▸ **TASK REQUIREMENTS**
Return a faithful copy of all the entries, omitting the images.
◆ ◆ ◆ ◆ ◆ ◆ ◆
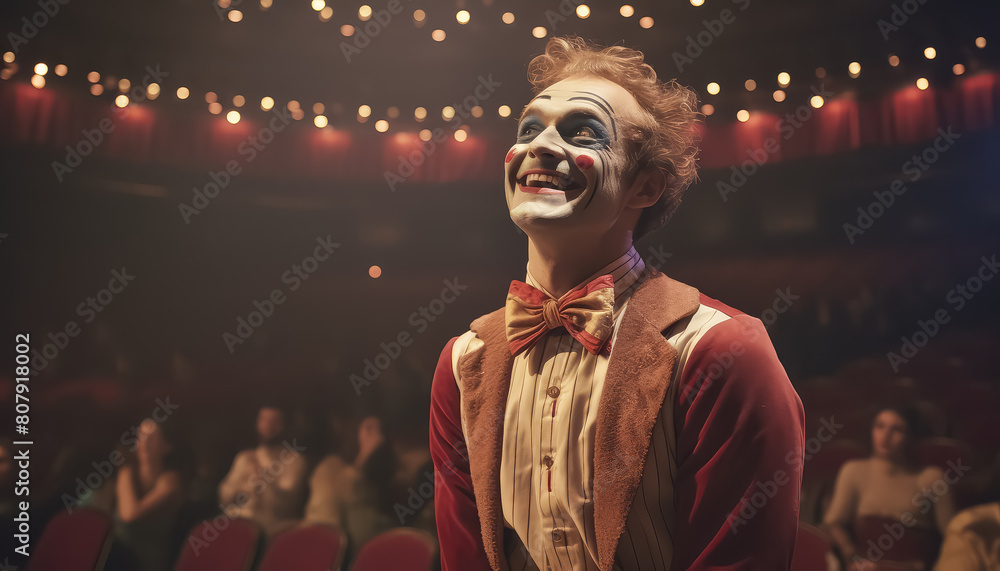 A man is smiling in a theater with a crowd of people watching him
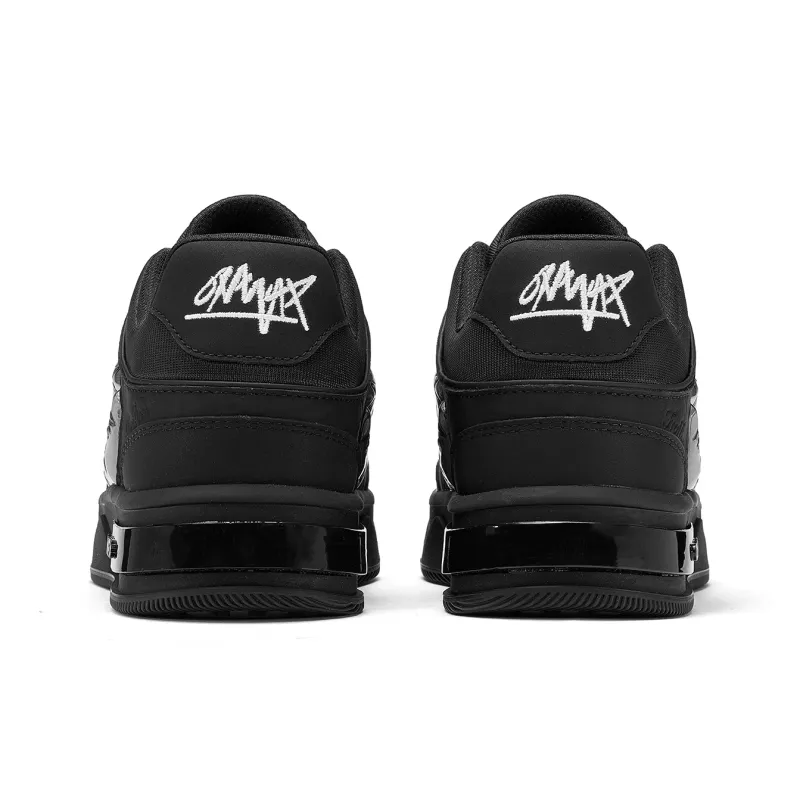 ON MAX Abrasion Resistant Height Increasing Low Top Skateboard Shoes Unisex Black-4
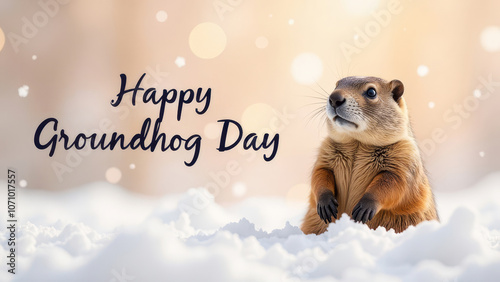 Cute groundhog standing in snow, text 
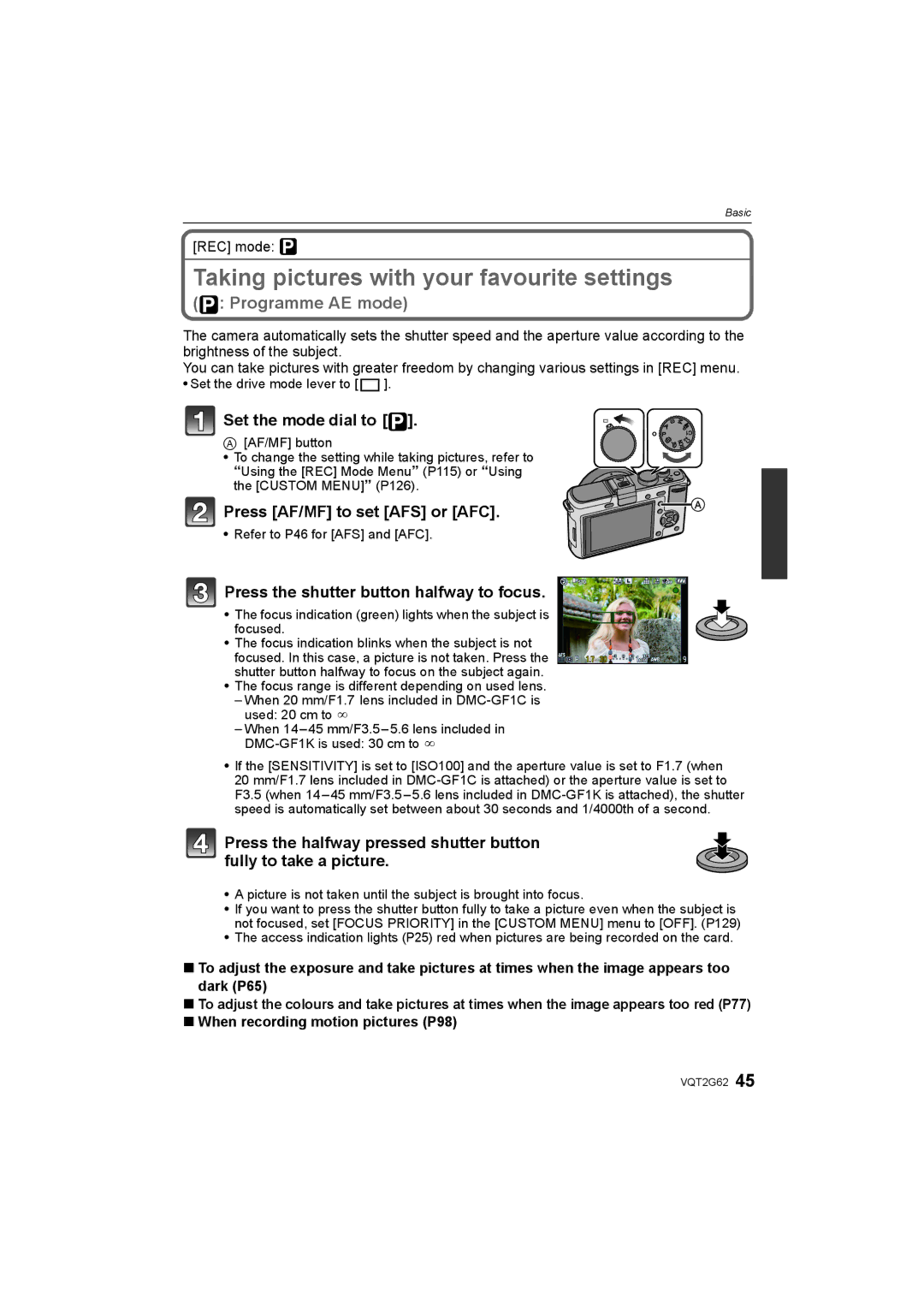 Panasonic DMC-GF1K operating instructions Taking pictures with your favourite settings, Set the mode dial to, REC mode ³ 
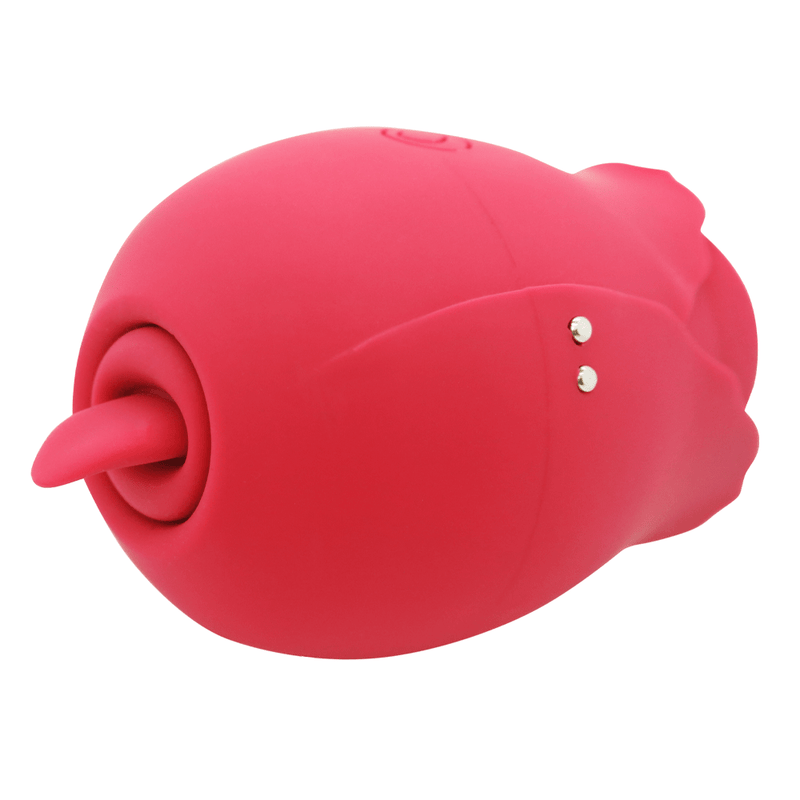 Image of the rose vibrator turned slightly to the side, showing the tongue licker at the bottom.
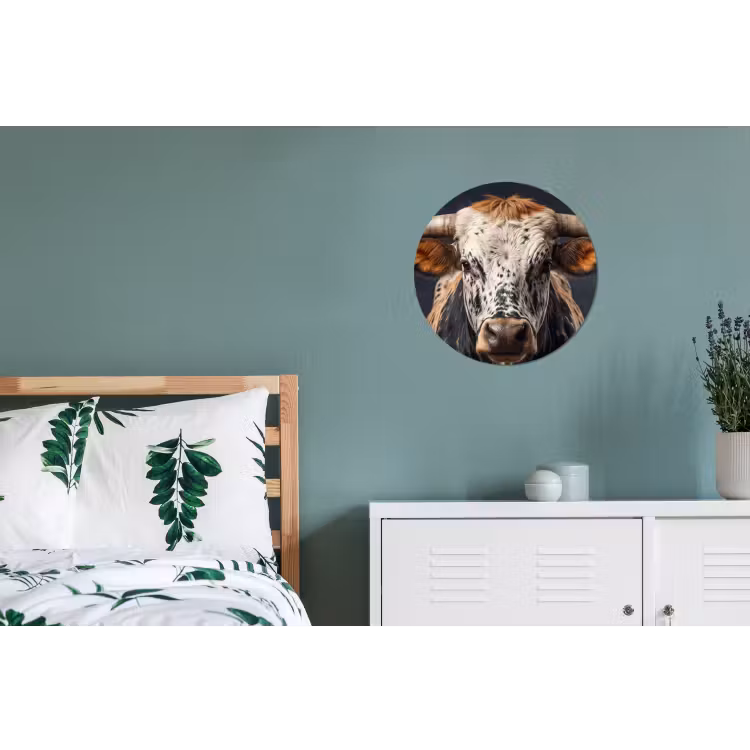 Stier - Kleurrijk - Hoorns Wandcirkel aluminium klein -slaapkamer
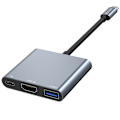 Miniatyrbild 2 av 6: Tech-Protet 3in1 USB-C Hub USB-A / HDMI / USB-C Grå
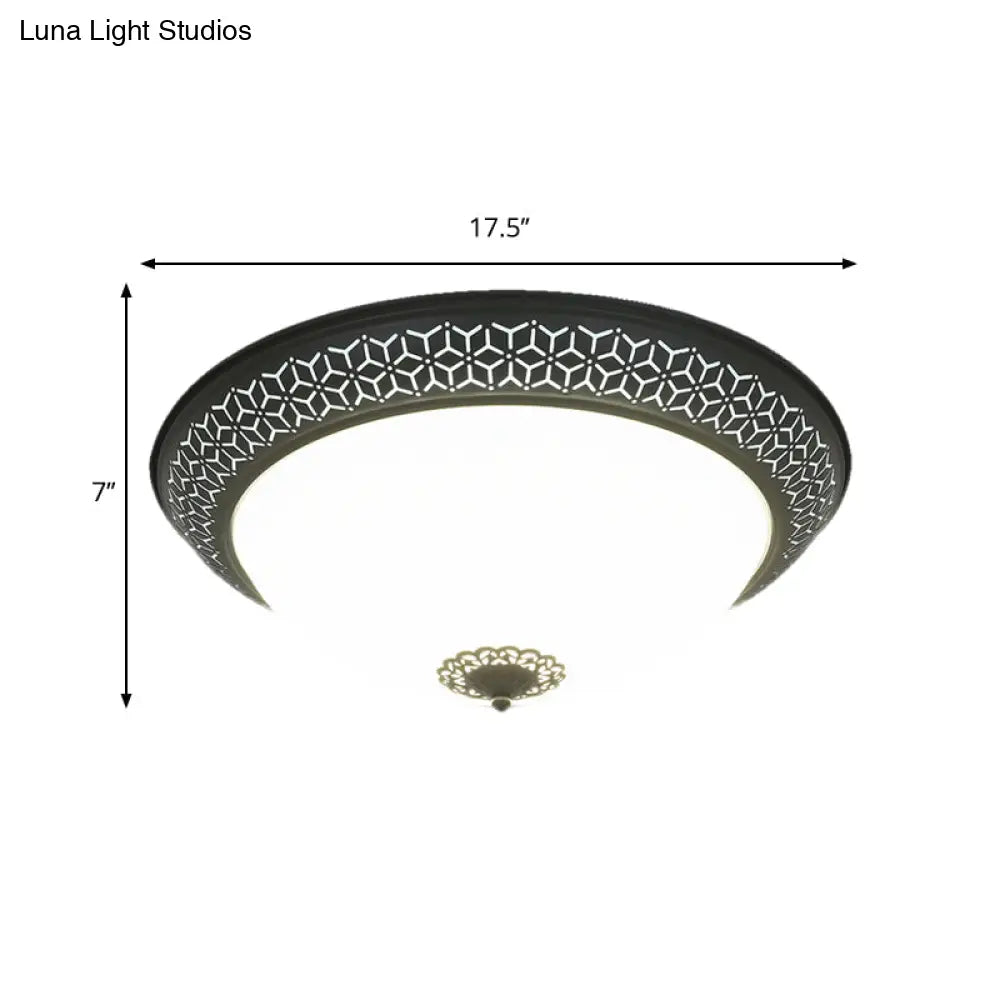 Minimalist Black Semi - Globe Led Ceiling Light With Opaline Glass Flush Mount For Bedroom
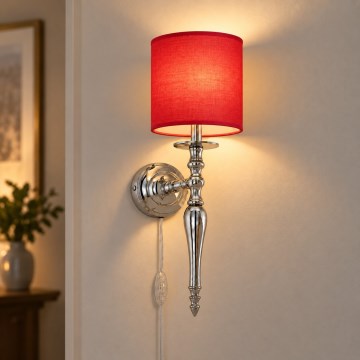 BRILAGI - Aplique de parede NUBILA 1xE27/60W/230V cromado brilhante/vermelho
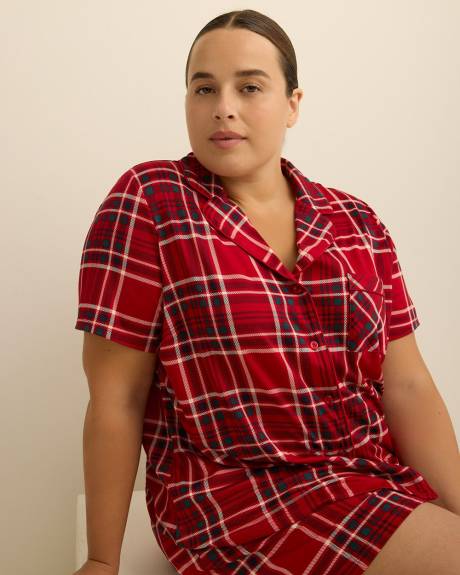 Ensemble-pyjama boxer brossé à carreaux rouges - ti Voglio
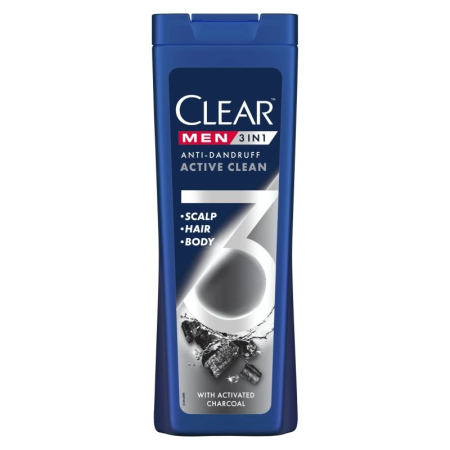 Sampon De Par - Sampon, Clear, 360 ml Men Active Clean Charcoal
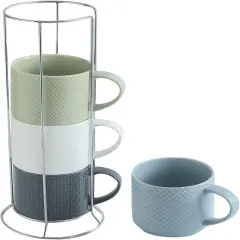 Coffee Mugs, Stackable Porcelain Coffee Cups Gift Set of 4 with Metal Stand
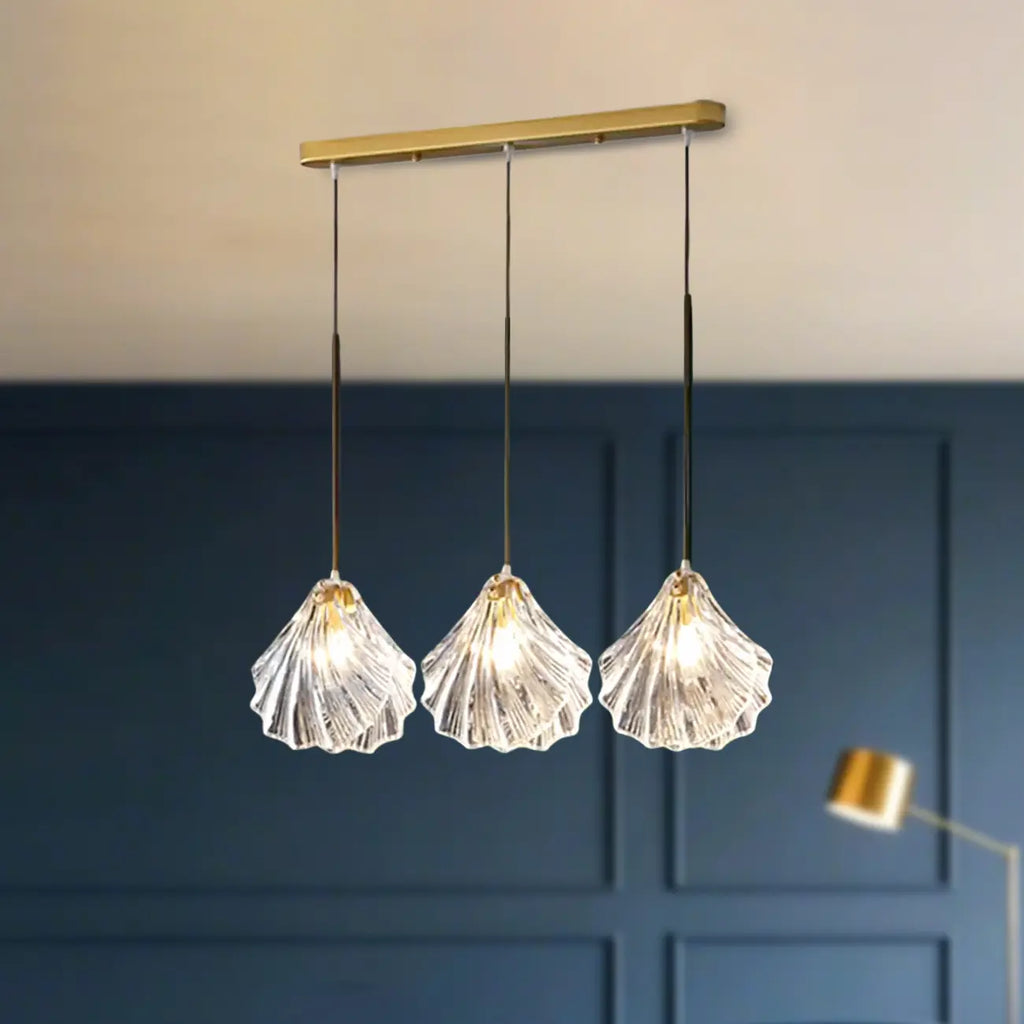 Suspension îlot contemporaine en verre à 3 lumières réglables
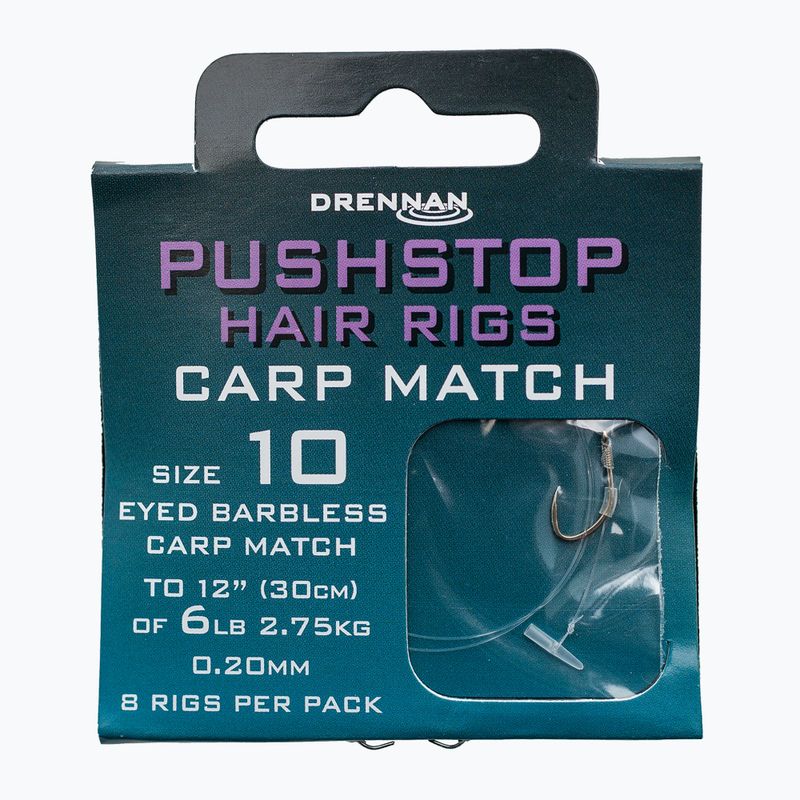 Drennan Pushstop H'Rig Carp Match method leader με stopper barbless αγκίστρι + πετονιά 8 τμχ διαφανές HNQCMA014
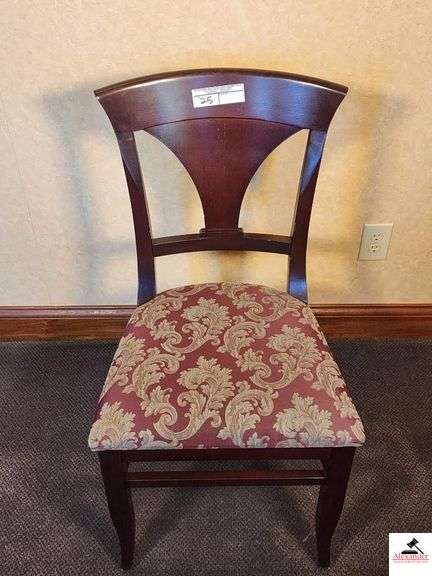 (2) CAPTAIN'S CHAIRS - (2) SHAFER CHAIRS UPHOLSTERED SEATS - CHAIRS ARE DARK MAHOGANY STYLE COLOR - TAPERED VASE SLAT BACK - (UPSTAIRS) image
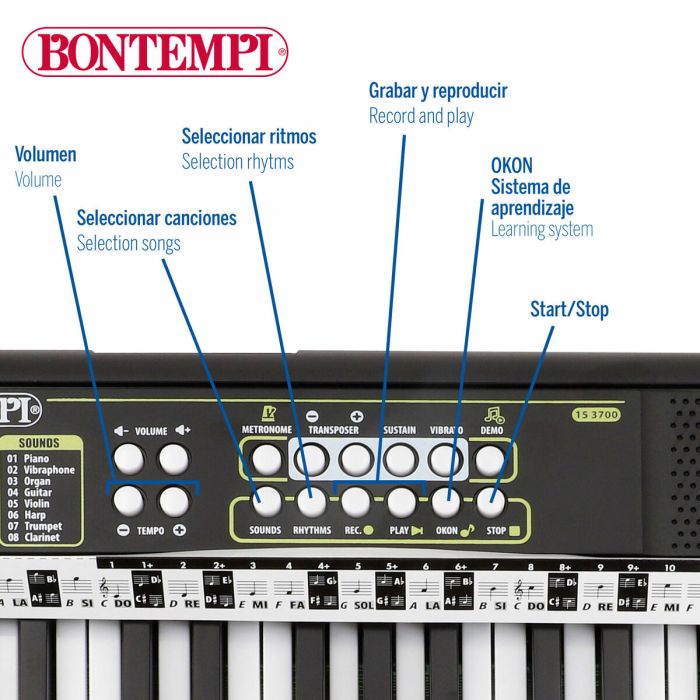Clavier 37 Touches Bontempi 42 x 4 x 15 cm (6 Unités) 1 Clavier 37 Touches Bontempi 42 x 4 x 15 cm (6 Unités) 1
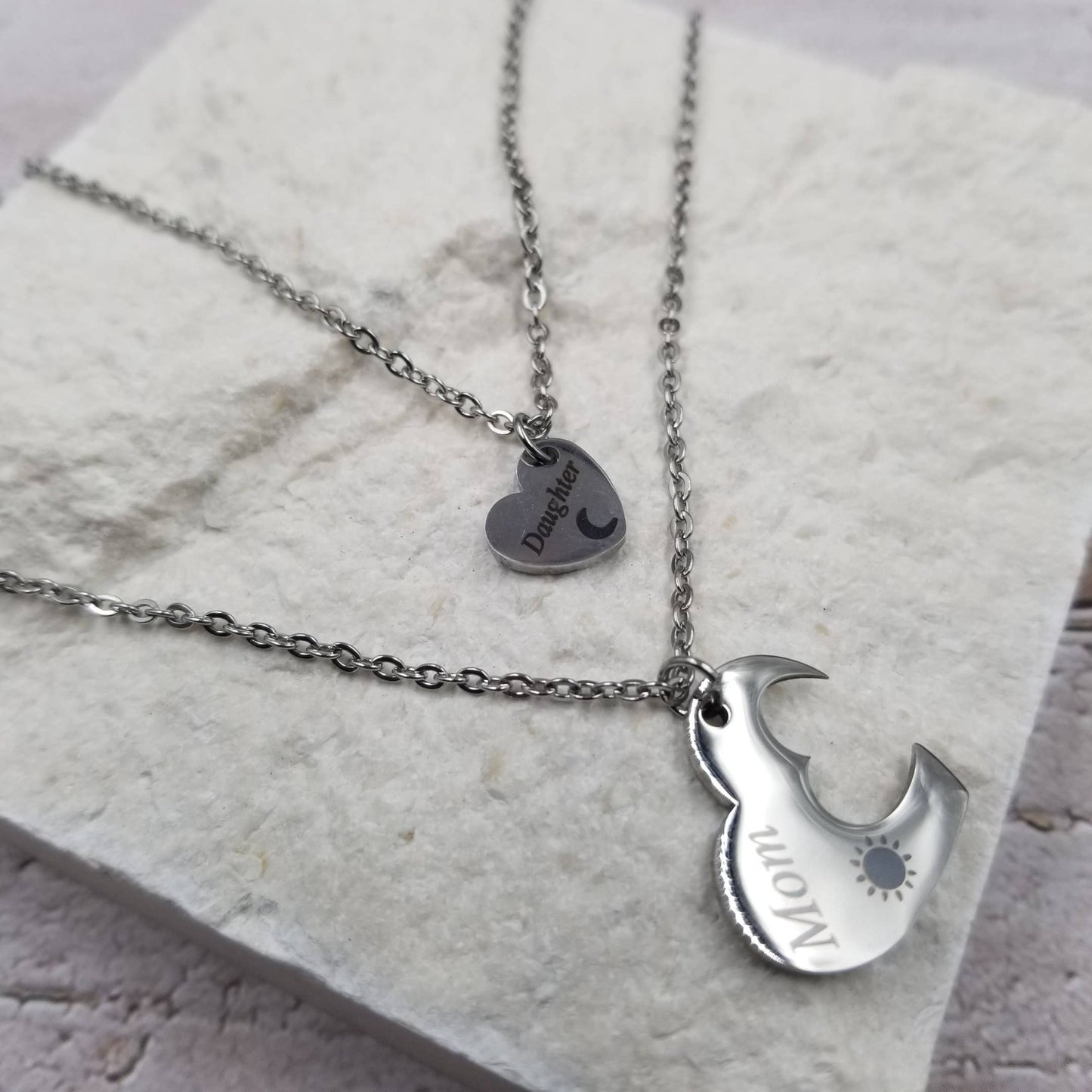 Sun & Moon Heart Necklace Set - Mother's Day Gift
◆ ◆ ◆ ◆ ◆ ◆ ◆
▸ **FINISHED TASK**
 A man is smiling in a theater with a crowd of people watching him
 ON MAX Abrasion Resistant Height Increasing Low Top Skateboard Shoes Unisex Black-4
 Cute groundhog standing in snow, text 
 Panasonic DMC-GF1K operating instructions Taking pictures with your favourite settings, Set the mode dial to, REC mode ³ 
 Image of the rose vibrator turned slightly to the side, showing the tongue licker at the bottom.
 Stier - Kleurrijk - Hoorns Wandcirkel aluminium klein -slaapkamer
 Miniatyrbild 2 av 6: Tech-Protet 3in1 USB-C Hub USB-A / HDMI / USB-C Grå
 Minimalist Black Semi - Globe Led Ceiling Light With Opaline Glass Flush Mount For Bedroom
 BRILAGI - Aplique de parede NUBILA 1xE27/60W/230V cromado brilhante/vermelho
 Ensemble-pyjama boxer brossé à carreaux rouges - ti Voglio
 Sampon De Par - Sampon, Clear, 360 ml Men Active Clean Charcoal
 Coffee Mugs, Stackable Porcelain Coffee Cups Gift Set of 4 with Metal Stand
 Suspension îlot contemporaine en verre à 3 lumières réglables
 Drennan Pushstop H'Rig Carp Match method leader με stopper barbless αγκίστρι + πετονιά 8 τμχ διαφανές HNQCMA014
 (2) CAPTAIN'S CHAIRS - (2) SHAFER CHAIRS UPHOLSTERED SEATS - CHAIRS ARE DARK MAHOGANY STYLE COLOR - TAPERED VASE SLAT BACK - (UPSTAIRS) image
Clavier 37 Touches Bontempi 42 x 4 x 15 cm (6 Unités) 1 Clavier 37 Touches Bontempi 42 x 4 x 15 cm (6 Unités) 1
 Sun & Moon Heart Necklace Set - Mother's Day Gift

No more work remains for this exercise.